真実を求める者など、そもそも“階層の上”にはいない」


一同は沈黙した。誰もが理解していた。

これはただの情報漏洩ではない。

セントラルの構造そのものが揺らぎ始めているのだ。


「……命令を。最高指導者として」


レイモンドは、冷徹に宣言した。


「エデンを、瓦礫に戻せ」


クラリッサのホログラムが、中央タワーの戦略室に浮かび上がった。


「警告。セントラルよりエデン周辺空域および地表に対し軍事用輸送体の接近が確認されました。総数、約24機。搭載人数、最低でも300」


その場にいた面々の空気が変わった。


「とうとう来たか……」

カイは、静かに息を吐きながら呟いた。


「クラリッサ、彼らの目的は?」


「盗聴した通信から推察するに、エデンの占拠・制圧が目的と推定されます。標準武装のほか、鎮圧用ガスおよび電子妨害装置の搭載が確認されました」


「つまり、最初から話す気はないってわけだな」


カイは視線を上げ、各セクターの代表に向き直る。


「ここから先は――防衛戦になる」


「だが、我々には……兵はいても、武器は限られている」


「その通りだ。
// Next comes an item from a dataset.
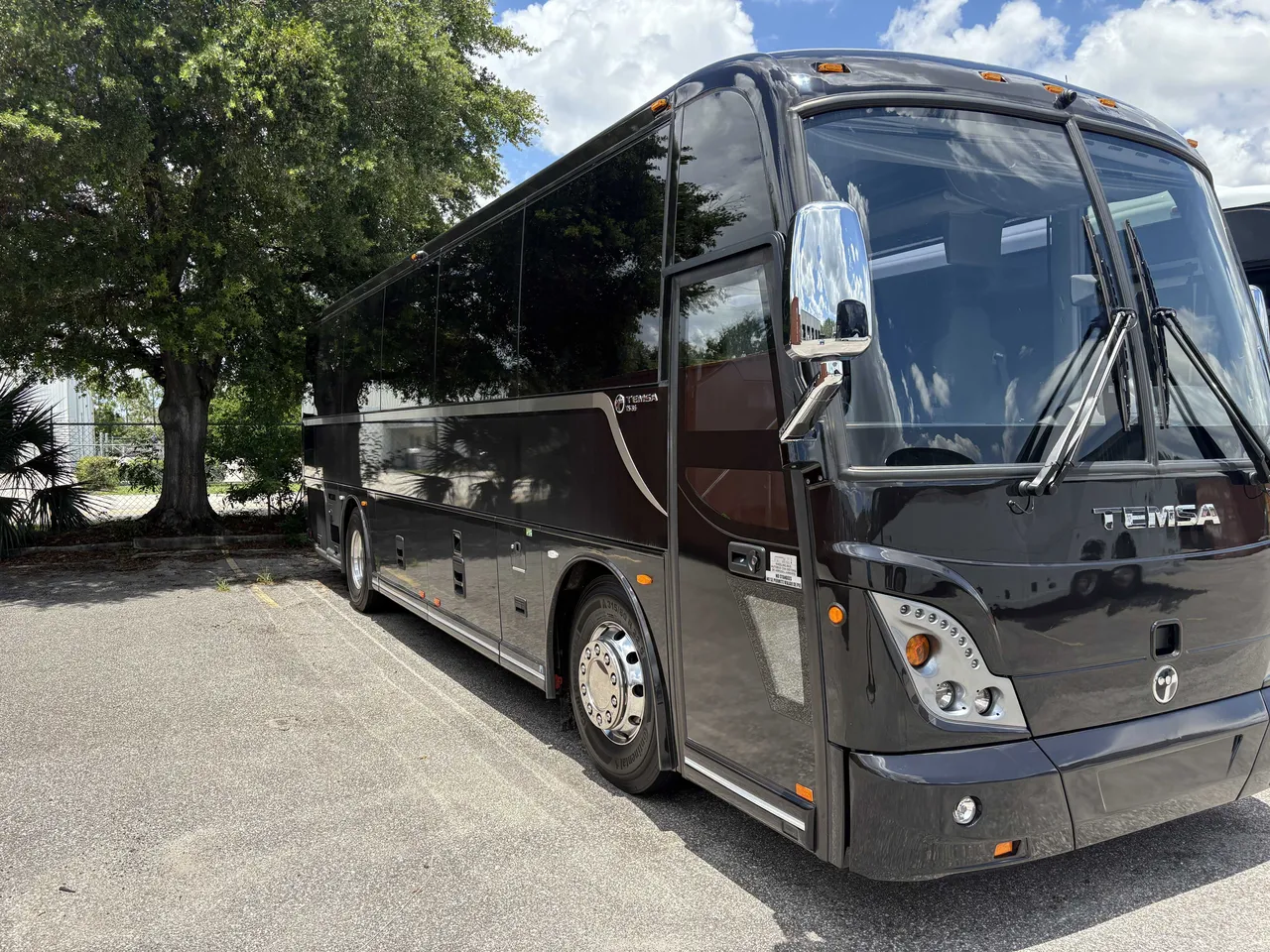 Black 40 Passenger Mini Coach with tinted windows for minibus rental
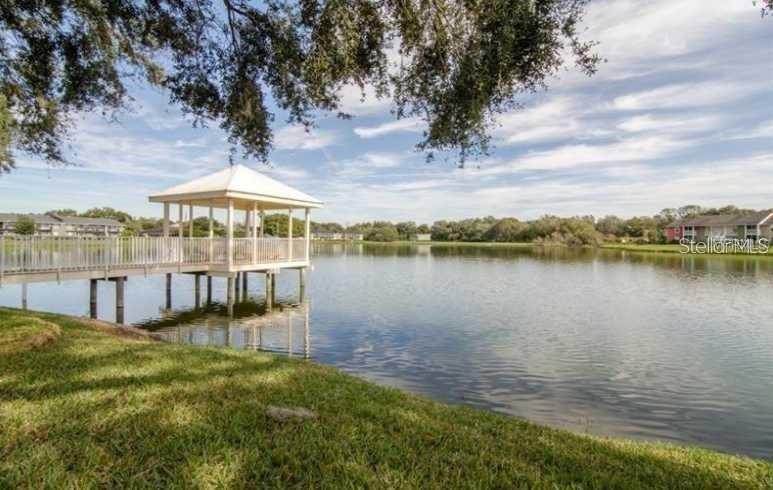 A white gazebo sits at the end of a wooden pier extending into a lake — 803 LAKE HAVEN SQUARE UNIT 202, BRANDON, FL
しかし、俺たちにはこの街を守る意思がある。

そして、クラリッサという最強の頭脳もな」

クラリッサのホログラムが軽く会釈する。


「既に都市構造物の一部を防御モードへ移行可能です。

さらに過去の廃棄プロジェクトより再利用可能な機兵を20体起動済み」


「旧式で十分だ。戦える」


指令室に続々と集まる面々の中で、重たい足音が響いた。


「ようやくその気になったか、カイ」


ゲイルが壁に背を預け、腕を組んだまま低く笑う。


「俺はな、ずっと思ってたんだ。

エデンを守るってことは、俺たちが生きてる証を守るってことだってな」


彼は、かつて兵士だった男。

だが、セントラルでは使い捨てとして処分対象にされた過去を持つ。


「もう誰にも、仲間を捨てさせねぇよ。

剣も銃も持ち方は忘れちゃいねぇ。……その日が来るのを待ってたんだ」


次に立ち上がったのは、リアだった。

瞳に揺れるのは、迷いではなく――静かな火。


「私、怖がってばかりだった。でも、もう分かったの。

ここで逃げたら、今度こそ何も変わらないまま終わるって」


彼女は通信と情報解析を担うが、同時に精神的な支柱でもあった。


「私にも、できることがある。絶対にみんなを死なせない」


そして、バルナが無言で立ち上がる。

黒いマントの下、重厚な戦装備をゆっくりと身に着けながら言う。


「私は戦士だ。死ぬのも、生きるのも選べる立場にない。

だが――誰かが守ると決めた場所なら、その盾にはなれる」


その瞳には、炎のような決意が宿っていた。

カイは皆を見つめ、静かに頷く。


「ありがとう。……お前たちがいるなら、俺は戦える」


重く、だが確かな絆がその場に生まれた。


都市は迎撃態勢に入り、空にはすでに警戒ドローンが飛び交っている。

戦いは避けられない。だが、彼らの意志は、もう揺らがない。